1: From that genius of cooking, both haute cuisine and weeknight dinner, Sara Moulton:
In one way or another, lasagne seems to derive from the classical Latin laganum. But what was laganum? Something made of flour and oil, a cake. The word itself derived from a Greek work for chamber pot, which was humorously applied to cooking pots. And like many other, better-known cases of synecdochical food names, the container came to stand for the thing it contained. And eventually, by a process no one knows with any certainly, laganum emerged as a word for a flat noodle in very early modern, southern Italy. If you are persuaded by all the evidence collected by Clifford A. Wright, you will be ready to believe that in Sicily, an Arab noodle cuisine collided with the Italian kitchen vocabulary and co-opted laganum and its variant lasanon to describe the new "cakes" coming in from North Africa. Would you be happier about this theory if you had evidence of a survival of an "oriental" Arab pasta in Sicily? Mary Taylor Simeti provides one in Pomp and Sustenance, Twenty-Five Centuries of Sicilian Food. Sciabbo, a Christmas noodle dish eaten in Enna in central Sicily, combines ruffled lasagna (sciabbo-jabot, French for a ruffled shirtfront) with cinnamon and sugar, typical Near Eastern spices then and now.

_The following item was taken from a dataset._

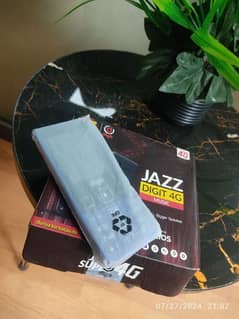 Jazz digit 4g music hotspot best for non pta mobile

Greek and Arabic connections to lasagna? Wow! And cinnamony lasagna? YUM! Sounds like my middle eastern mother's spaghetti sauce recipe. Here's the foodtv page this came from (with lasagna al forno recipe).
2: This one is from a somewhat sad New York Times article about dry-cured salami, and how restrictive Health Department guidelines are sending this millenia-old artisanal specialty to extinction:
The process of curing meat has been refined over thousands of years by people who are on intimate terms with their handiwork. Food historians believe that the Romans picked up the craft from the Lucanians, a tribe that for almost 1,000 years ruled part of what is now Basilicata in southern Italy, developing a reputation for sausages while fending off imperial conquerors. The Greek sausage loukanika and its Mediterranean cousins the longaniza (Spain), luganega (Italy), and linguiça (Portugal) are all descendants of the ancient lucanicus.
I would never have discerned a connection between loukanika and linguiça. Here's the article (you'll probably need to register.. but you know about bugmenot.com, right?).
Ahh food etymology, you never fail me.